READ: Malala Yousafzai tells Muslim leaders not to 'legitimise' Taliban
"It was such a joy for me to return there today -- after 13 long years -- to be surrounded by the mountains, dip my hands in the cold river and laugh with my beloved cousins. This place is very dear to my heart and I hope to return again and again."
Yousafzai was accompanied by her father, husband and brother for the high-security visit by helicopter which lasted just three hours.
Authorities have been cautious in allowing her to return to Shangla district in Khyber Pakhtunkhwa province where militancy has soared following the return of the Afghan Taliban in Kabul in 2021.
The area was sealed off for several hours to provide security for her visit on Wednesday, which included a stop at local education projects backed by her Malala Fund.
"Her visit was kept highly secret to avoid any untoward incidents," a senior administration official told AFP on condition of anonymity as he was not authorised to speak to the media.

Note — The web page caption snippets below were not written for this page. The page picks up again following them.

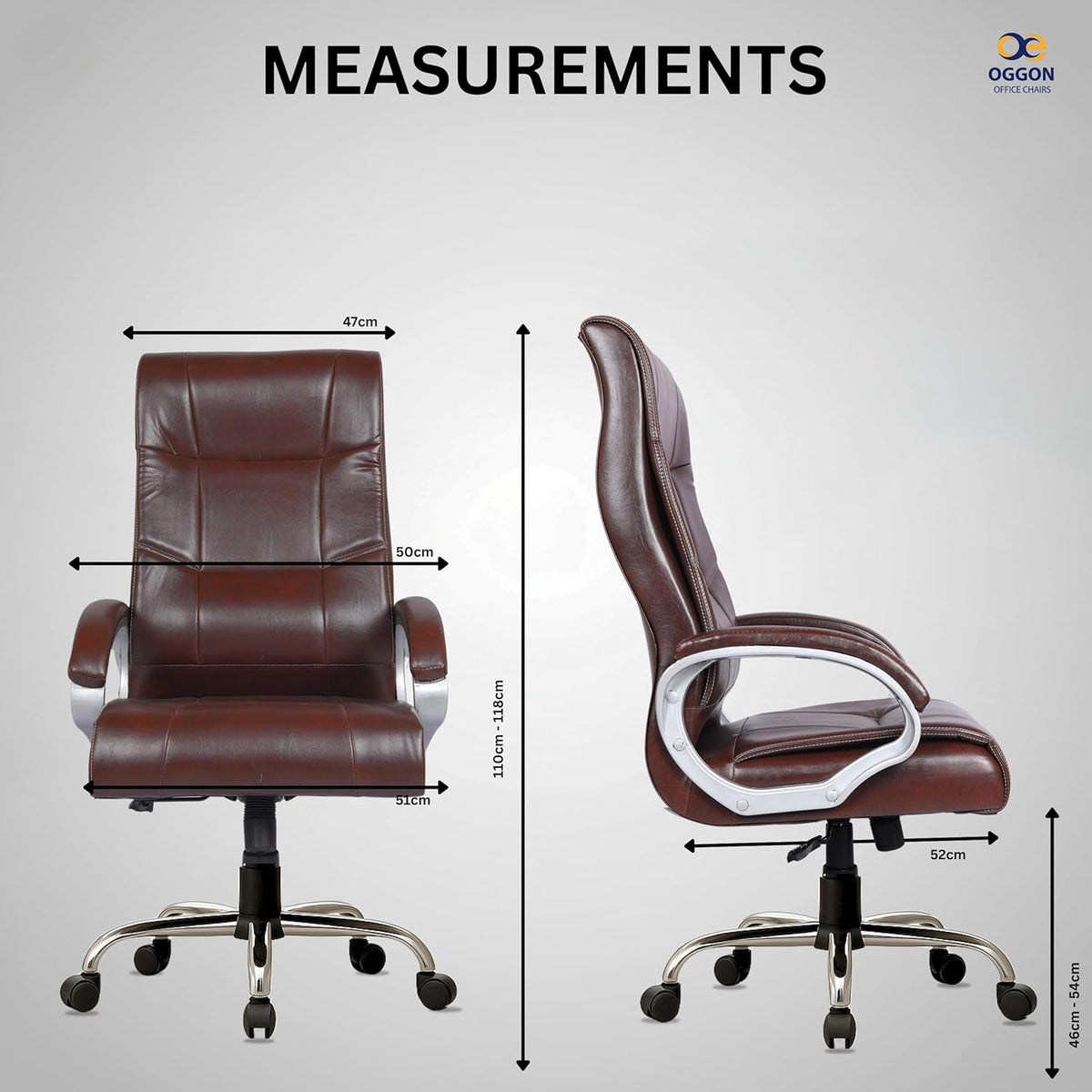 Oggon Marley high back executive office chair in brown leatherette
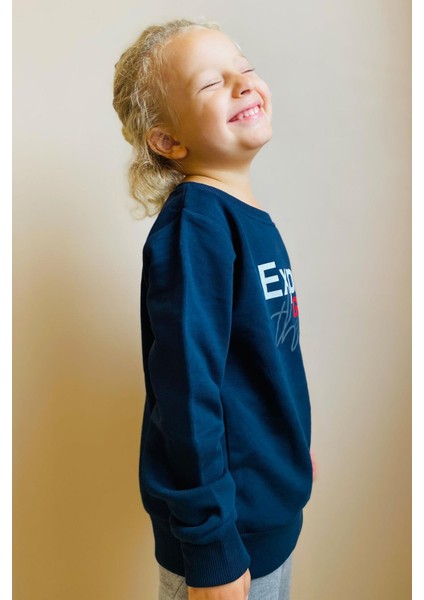 Erkek Çocuk Sweatshirt Yazı Baskılı 4-8 Yaş, Lacivert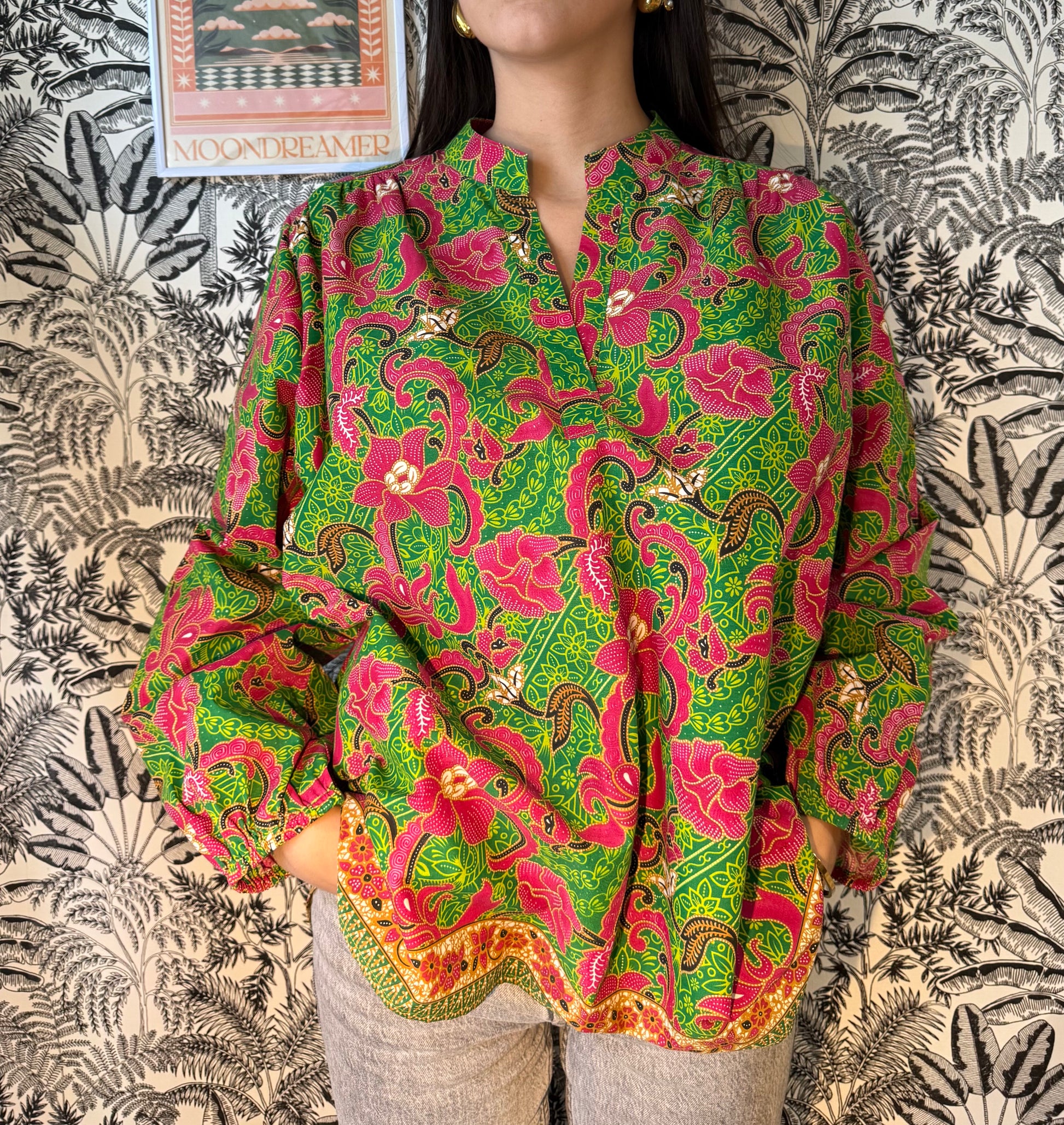 Chemisier à fleurs vert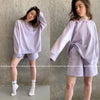 Women Tracksuits Summer Autumn Oversize Sweatshirt + Sporting Shorts Sweat Set Two Piece Outfit Solid Color Sets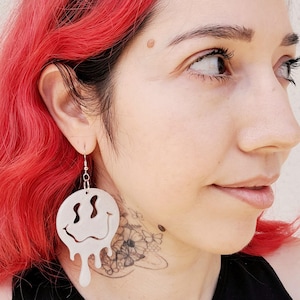 Glow in the Dark Melted Smiley Face Over-sized Drop Earrings Ravewear Accessories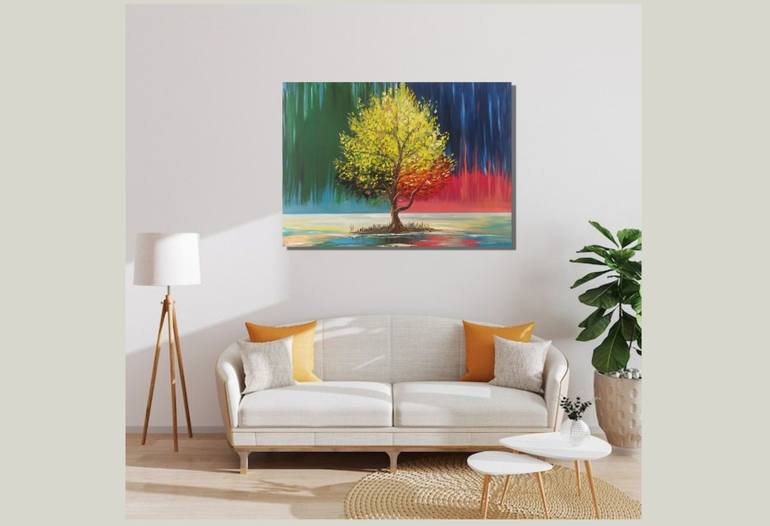 Original Abstract Tree Painting by NATALIA KICHATOVA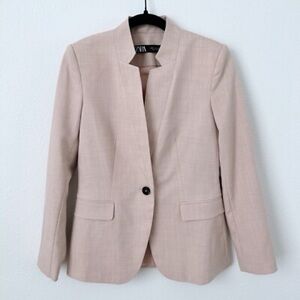 Zara Blush Soft Pink Blazer Size 2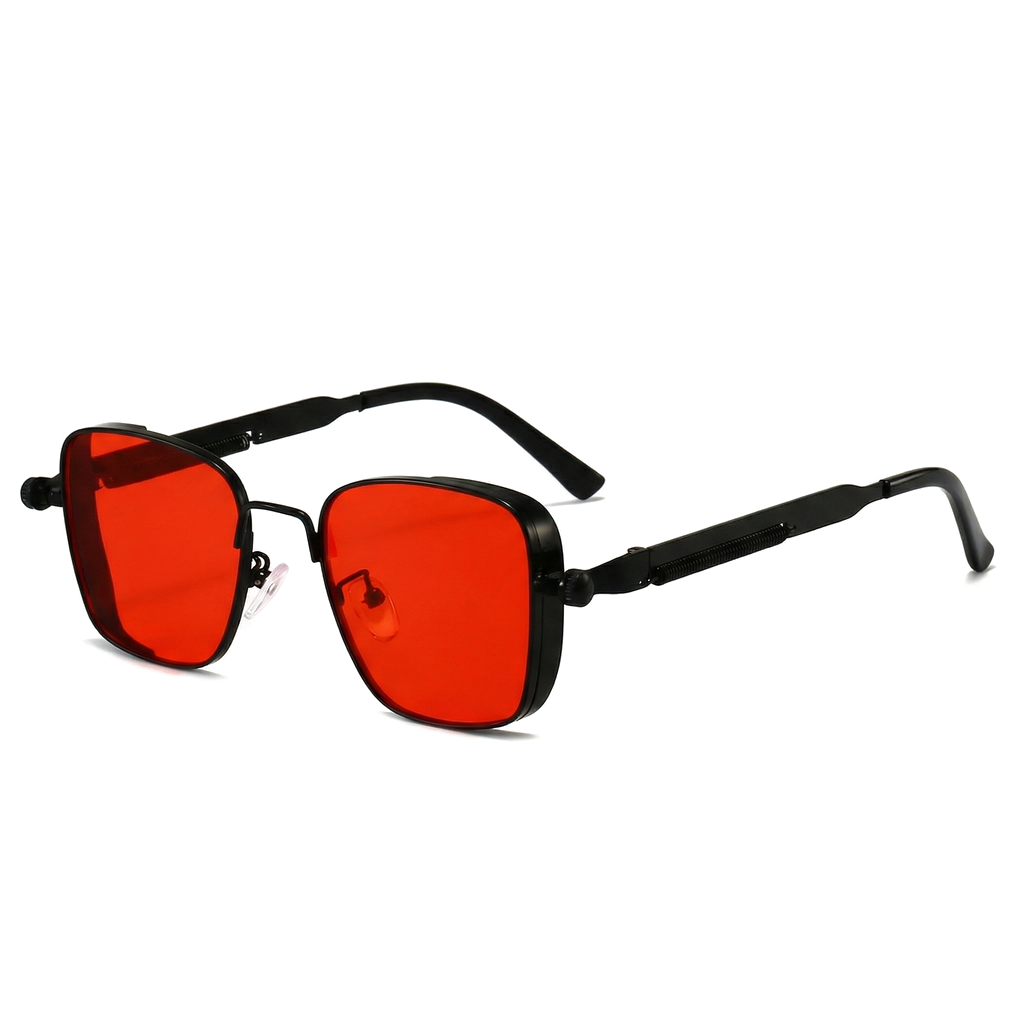 Enzo Riccardi Bold Frame Shades - Color:Black Frame / Red Lens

"Even the locals were unaware of her plans to visit."
The Pakistan Taliban is a separate but closely linked group to the Afghan Taliban and controlled swaths of the border regions at the time Yousafzai was shot.
Militants had ordered girls to stay home, but she continued to secretly go to school and wrote a blog about her experience.
She went on to become an education activist and the world's youngest Nobel Peace Prize winner at age 17.
In January, she addressed Muslim world leaders at an education conference in Islamabad where she called for action against the Afghan Taliban, who have banned teenage girls from going to school.
Her hometown visit comes in a week marred by violence in Pakistan, with 18 civilians and soldiers killed in an overnight suicide attack on a military compound in the same province.
"I pray for peace in every corner of our beautiful country. The recent attacks, including in Bannu yesterday, are heartbreaking," Yousafzai said of the attack.